|
|
|
|
|
by anonymoushn
387 days ago
|
|
Cool, I can have a look. By the way, I've filed a PR against the pathpiece repository correcting an error in the docs. I have read this paper before, and now that I have looked more closely I am a bit disappointed that the precise method of construction of the large initial vocabularies used for vocabulary learners that begin with large initial vocabularies in the experiment is not specified. I also notice that the same error I have proposed correcting in the docs is present in the paper in section 3.1. Additional edit: Alright, I see that A.2.1 specifies that the "n-gram" initial vocab condition means the most frequent 2^18 n-grams for n in 1..L. This seems like not very many, and not weighting n-grams by "potential CTC reduction" (=length-1) for inclusion in this initial vocab seems to create a bias against long n-grams.

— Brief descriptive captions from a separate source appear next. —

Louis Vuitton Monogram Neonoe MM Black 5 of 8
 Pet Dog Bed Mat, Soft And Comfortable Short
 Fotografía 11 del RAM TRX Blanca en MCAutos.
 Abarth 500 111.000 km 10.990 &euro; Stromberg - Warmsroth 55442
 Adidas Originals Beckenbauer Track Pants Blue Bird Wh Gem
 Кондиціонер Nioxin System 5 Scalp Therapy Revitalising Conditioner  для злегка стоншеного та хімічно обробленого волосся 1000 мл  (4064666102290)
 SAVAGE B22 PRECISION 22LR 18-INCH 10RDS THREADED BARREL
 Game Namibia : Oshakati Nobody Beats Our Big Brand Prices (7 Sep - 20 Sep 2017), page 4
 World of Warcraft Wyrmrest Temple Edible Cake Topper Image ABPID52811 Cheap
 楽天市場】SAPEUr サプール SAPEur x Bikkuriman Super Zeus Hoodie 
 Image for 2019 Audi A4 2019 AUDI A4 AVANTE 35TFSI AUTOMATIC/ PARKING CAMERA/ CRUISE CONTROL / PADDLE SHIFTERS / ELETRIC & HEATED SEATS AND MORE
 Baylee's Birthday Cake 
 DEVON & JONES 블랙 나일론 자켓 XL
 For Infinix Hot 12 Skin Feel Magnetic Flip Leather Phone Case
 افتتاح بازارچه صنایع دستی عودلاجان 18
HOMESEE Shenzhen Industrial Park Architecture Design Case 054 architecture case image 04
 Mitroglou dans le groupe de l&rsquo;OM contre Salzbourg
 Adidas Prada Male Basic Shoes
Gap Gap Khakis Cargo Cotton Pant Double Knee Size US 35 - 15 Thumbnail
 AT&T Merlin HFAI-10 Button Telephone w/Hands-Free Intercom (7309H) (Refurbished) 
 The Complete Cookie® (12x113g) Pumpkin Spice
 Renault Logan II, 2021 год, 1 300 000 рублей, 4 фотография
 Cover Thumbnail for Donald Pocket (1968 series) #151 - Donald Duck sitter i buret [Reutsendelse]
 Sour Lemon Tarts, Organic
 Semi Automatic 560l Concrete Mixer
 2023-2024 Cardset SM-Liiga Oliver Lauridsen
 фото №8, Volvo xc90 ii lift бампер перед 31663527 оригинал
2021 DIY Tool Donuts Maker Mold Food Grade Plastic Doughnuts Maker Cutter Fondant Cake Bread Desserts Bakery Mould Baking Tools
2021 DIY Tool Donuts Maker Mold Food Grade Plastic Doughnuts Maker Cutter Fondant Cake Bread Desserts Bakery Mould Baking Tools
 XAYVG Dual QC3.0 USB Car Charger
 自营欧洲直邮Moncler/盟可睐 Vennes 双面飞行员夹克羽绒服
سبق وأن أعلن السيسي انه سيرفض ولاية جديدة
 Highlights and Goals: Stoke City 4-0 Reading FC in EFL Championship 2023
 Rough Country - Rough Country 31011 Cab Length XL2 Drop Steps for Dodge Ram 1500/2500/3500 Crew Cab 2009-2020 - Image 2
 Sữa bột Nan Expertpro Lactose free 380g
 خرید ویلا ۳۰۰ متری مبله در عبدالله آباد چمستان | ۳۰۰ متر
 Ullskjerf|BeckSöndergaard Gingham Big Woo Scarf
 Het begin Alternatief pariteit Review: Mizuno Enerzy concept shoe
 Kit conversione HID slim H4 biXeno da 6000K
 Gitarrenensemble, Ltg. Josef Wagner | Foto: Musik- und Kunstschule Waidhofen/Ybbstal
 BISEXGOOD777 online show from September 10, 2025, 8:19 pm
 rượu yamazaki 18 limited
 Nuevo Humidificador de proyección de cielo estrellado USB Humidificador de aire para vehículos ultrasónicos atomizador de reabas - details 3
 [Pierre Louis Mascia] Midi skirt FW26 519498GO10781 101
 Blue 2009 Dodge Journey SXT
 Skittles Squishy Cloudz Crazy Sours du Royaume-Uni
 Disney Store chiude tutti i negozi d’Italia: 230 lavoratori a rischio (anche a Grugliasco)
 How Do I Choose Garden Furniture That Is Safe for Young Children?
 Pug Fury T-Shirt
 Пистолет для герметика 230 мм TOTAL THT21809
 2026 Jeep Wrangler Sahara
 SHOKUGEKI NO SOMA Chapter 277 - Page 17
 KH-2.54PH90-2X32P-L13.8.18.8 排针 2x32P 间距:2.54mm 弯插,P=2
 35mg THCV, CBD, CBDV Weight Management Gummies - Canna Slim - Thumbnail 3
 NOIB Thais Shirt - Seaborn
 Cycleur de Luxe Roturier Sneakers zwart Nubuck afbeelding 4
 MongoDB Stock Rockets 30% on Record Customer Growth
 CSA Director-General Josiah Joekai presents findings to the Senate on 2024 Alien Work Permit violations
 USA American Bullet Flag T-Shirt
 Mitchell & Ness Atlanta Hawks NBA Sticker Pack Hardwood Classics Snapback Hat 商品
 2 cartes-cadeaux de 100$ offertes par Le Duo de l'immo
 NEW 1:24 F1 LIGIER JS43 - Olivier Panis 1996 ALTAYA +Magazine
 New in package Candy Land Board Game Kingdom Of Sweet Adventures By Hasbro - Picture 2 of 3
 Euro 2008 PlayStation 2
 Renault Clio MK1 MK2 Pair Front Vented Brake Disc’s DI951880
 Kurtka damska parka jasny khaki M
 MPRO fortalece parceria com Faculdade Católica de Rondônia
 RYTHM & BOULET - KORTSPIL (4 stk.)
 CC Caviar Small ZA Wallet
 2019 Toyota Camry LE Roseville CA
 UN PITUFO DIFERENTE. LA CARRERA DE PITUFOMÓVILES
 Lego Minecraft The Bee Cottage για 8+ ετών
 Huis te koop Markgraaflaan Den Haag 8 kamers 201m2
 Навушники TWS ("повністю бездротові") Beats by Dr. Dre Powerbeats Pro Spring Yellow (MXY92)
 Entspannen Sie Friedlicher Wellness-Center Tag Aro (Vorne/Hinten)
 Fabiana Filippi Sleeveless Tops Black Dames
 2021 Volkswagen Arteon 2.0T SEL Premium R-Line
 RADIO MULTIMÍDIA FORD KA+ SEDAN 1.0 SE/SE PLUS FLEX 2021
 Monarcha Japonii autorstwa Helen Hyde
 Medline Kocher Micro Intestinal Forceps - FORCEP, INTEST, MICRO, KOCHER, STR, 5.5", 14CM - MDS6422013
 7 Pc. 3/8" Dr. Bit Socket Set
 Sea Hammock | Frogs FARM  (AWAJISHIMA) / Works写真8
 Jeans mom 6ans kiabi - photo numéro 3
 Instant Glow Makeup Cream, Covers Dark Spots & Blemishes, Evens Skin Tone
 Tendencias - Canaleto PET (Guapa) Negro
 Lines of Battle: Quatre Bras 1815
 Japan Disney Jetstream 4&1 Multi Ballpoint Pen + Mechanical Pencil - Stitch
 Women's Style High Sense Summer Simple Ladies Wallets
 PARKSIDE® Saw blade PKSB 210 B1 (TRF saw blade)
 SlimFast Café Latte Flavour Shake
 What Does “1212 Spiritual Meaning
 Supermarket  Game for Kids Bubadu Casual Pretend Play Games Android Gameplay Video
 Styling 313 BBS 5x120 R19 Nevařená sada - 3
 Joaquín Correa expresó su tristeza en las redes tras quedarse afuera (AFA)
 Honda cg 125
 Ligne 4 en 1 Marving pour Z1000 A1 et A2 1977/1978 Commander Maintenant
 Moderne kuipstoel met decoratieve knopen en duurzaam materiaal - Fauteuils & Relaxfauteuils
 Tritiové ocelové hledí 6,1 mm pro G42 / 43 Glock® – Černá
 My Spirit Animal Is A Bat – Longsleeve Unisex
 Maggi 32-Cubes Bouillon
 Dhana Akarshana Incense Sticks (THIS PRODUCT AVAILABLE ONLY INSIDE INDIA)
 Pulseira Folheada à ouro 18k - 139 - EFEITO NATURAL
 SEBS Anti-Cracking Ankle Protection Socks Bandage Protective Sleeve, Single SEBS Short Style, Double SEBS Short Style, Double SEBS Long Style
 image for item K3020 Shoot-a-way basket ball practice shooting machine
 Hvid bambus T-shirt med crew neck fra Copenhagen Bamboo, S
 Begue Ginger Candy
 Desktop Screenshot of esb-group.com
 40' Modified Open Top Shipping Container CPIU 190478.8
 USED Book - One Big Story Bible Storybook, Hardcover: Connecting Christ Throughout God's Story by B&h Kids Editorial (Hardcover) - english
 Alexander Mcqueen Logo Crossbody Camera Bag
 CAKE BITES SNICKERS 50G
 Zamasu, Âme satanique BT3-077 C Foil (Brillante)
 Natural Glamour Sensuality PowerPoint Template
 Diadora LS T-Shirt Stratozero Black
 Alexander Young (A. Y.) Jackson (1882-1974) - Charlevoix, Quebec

I'm also sort of wary of these greedy learners, because many candidates for inclusion in the vocab are interdependent with other candidates (the marginal loss or gain of a candidate may be near 0 because of the presence of some other token which may not actually be optimal to include, or there may be groups of included tokens which cause other better groups to have near 0 marginal loss or gain), so I would really want to avoid being too strongly path-dependent in the learner. If I may hand wave a great deal, I think this sort of issue also arises if your objective function is not CTC. |
|
With regard to weighting the n-grams by length*frequency, I'm not sure it is clear that that would be better. The SentencePiece unigram model does it that way (as I mentioned in another comment), and hence, unigram produces longer tokens on average. It is generally considered that this is a bit of an issue with unigram. Not that there is particular evidence either way, as with many things in tokenization.
Why do you think 2^18 initial n-grams is too few? That's 5.3 times more than the largest vocab we train.